Technologies | Gate Drive
Scalable, isolated gate drivers for cost-effective systems
Innovative Gate Driver Solutions
ICERGi has developed state-of-the-art magnetic-coupling technology, enabling precise, fully isolated driving of a wide range of semiconductor devices, including Si and SiC. Our unique patented solution transmits both the control signal and drive power over a single path. This approach reduces the size of magnetic components and eliminates the need for bootstrap diodes or local floating power supplies.
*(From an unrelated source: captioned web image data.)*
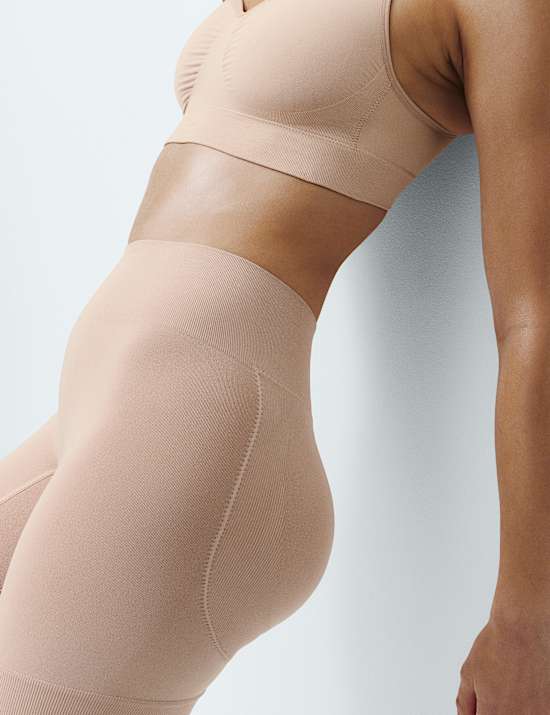 Cool Comfort&trade; Seamless Bum Boosting Shorts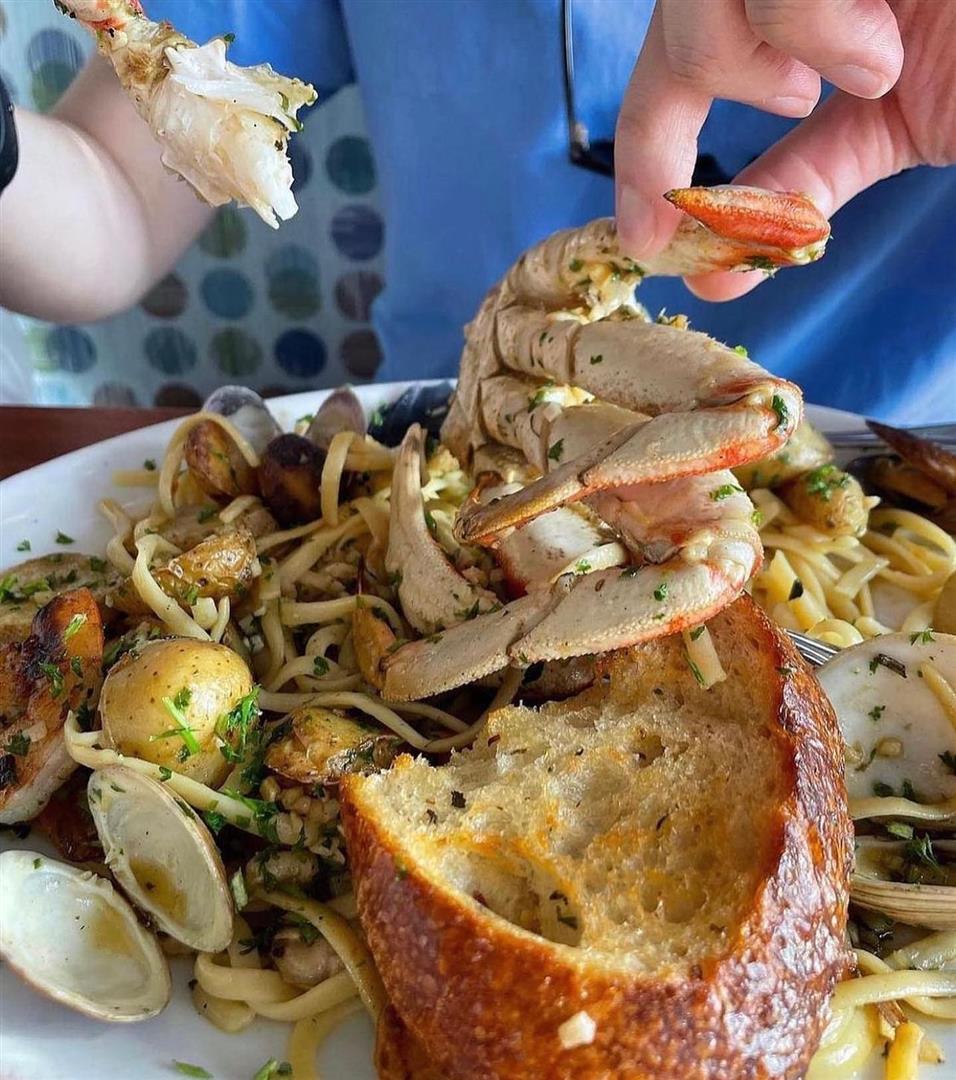Fog Harbor Fish House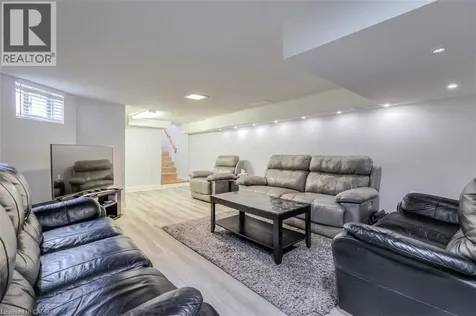 41 Springhurst Avenue Toronto ON M6K 1B4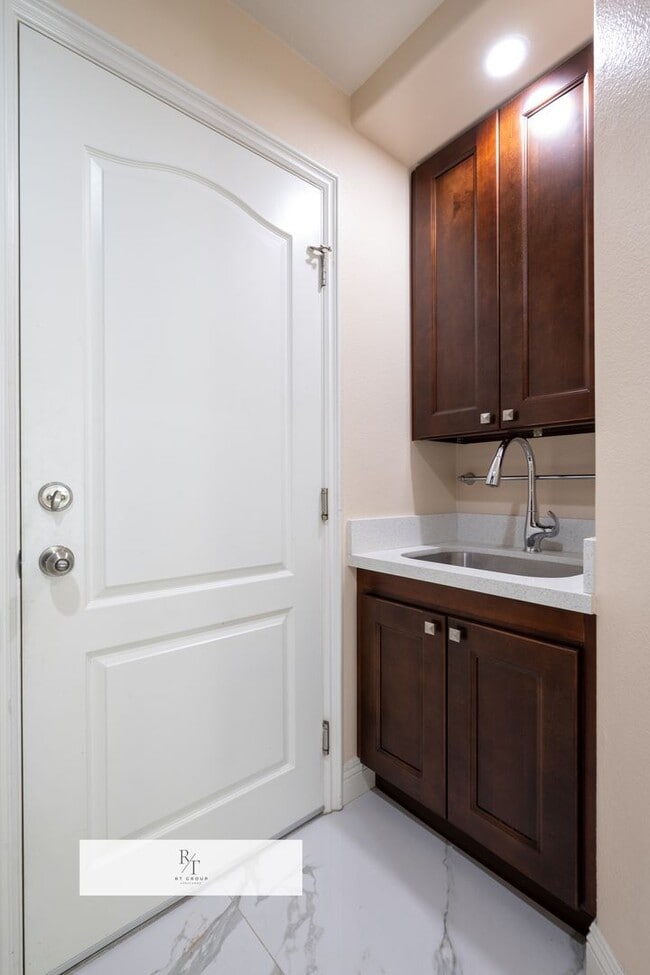 Building Photo - Stunning Remodeled Home in Walnut Valley U...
ICERGi’s gate driver technology supports both single and dual floating configurations. The dual floating variants are specifically engineered to drive half-bridge topologies, ensuring complementary switching with built-in interlock protection to prevent shoot-through. All ICERGi drivers offer a compact, low-cost solution with fast propagation delays, precise timing, and galvanic isolation – available with ratings up to 5 kV. Designed for ease of integration, our drivers enable “drop-in” deployment in a wide range of power conversion systems. A performance comparison with leading alternatives is illustrated in the radar chart.
Key Features
- Wide operating range: duty cycle from 0% to 100%, frequency up to 500 kHz
- Low quiescent current consumption < 700 µA
- Fast, precise switching with typical propagation delay < 15 ns
- Dual-driver architecture supports power switches rated up to 600 V / 2 kV
- Compatible with 2.5V to 3.3V digital logic inputs
- Fully isolated floating outputs enable independent high-side and low-side device control
- Supports both planar and standalone transformer designs
Specific Advantages
- No bootstrap components required – operates without external diode or capacitance
- No local power supply required, simplifying isolated gate driver design
- Ultra-low power consumption when idle
- Integrated pull-down safely holds gate low when inactive
- XOR gate drive logic simplifies deadtime control
- Enables efficient layout and manufacturing via easy surface-mount integration
- Minimal control output capacitance – enhances CMTI and noise immunity
ICERGi Gate Driver Concept
At the core of ICERGi’s gate driver are two small transformers. These convert input pulse edges (rising and falling) into isolated drive signals. This method allows precise pulse-width modulation (PWM) to drive power switches. The structure ensures interlocked operation by design, which means that if no input pulses are present, the output will safely revert to a low state.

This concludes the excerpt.